One of a handful of personal perfumers working in Los Angeles, she designs scents in her Ebba boutique on Melrose Avenue in West Hollywood. Fisch shared her thoughts on the art as she designed a scent for a new client, Alexandra Kolendrianos. She had gotten through a long series of questions that included Alexandra’s favorite types of music (cool jazz), her ideal date (candlelight dinner in a gazebo), her favorite Olympic sport (pairs figure skating), and of course her astrological sign (Capricorn). She had decided that in Alexandra’s answers, “romance seems to be the thing that comes to mind.” But that was not all: “A lot of time what we want with our fragrances is to be powerful. And what I’m sensing from you is that you want to be powerful. But you don’t want to be mistaken for a man.”

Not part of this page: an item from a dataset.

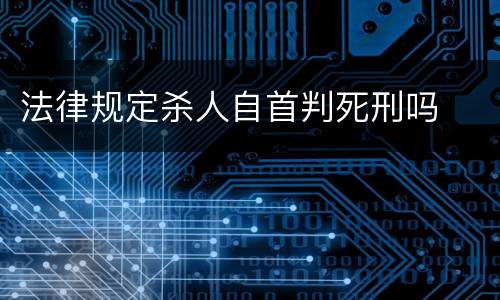 法律规定杀人自首判死刑吗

Now Fisch was waving bottles of essential oils and fragrances under the client’s nose to get her reactions. (An essential oil is the extract of a single flower, plant or herb; fragrances are chemical compounds). She had started with a field of 70, which she would narrow down to three. So far, violet and lily of the valley were in the lead, and lavender was out. Between scents, Alexandra would take a whiff from a small vial of coffee grounds -- as a sort of palate cleanser for the nose.

Like most perfumers, Fisch is quick to point out that the olfactory sense is the sense most closely connected with memory -- whether of one’s current life, or, if you like, something before that. “You like violet so much because you’re a Capricorn,” Fisch said. “A Capricorn is an old soul. From the earth. Very Victorian. You have that feel about you -- Guinevere, or a queen of some kind.”

Eventually Fisch and Alexandra decided on a combination of violet, water lily, linden blossom, and a touch of muguet -- for the power note. A 1-ounce bottle will cost anywhere from $14 to $125, depending on the oils and fragrances chosen.

“She wants something kind of showstopper-y, but without being revolting,” Fisch said. The two tentative names being batted around for the new scent are Lexi’s Loves and Ode to Alexandra.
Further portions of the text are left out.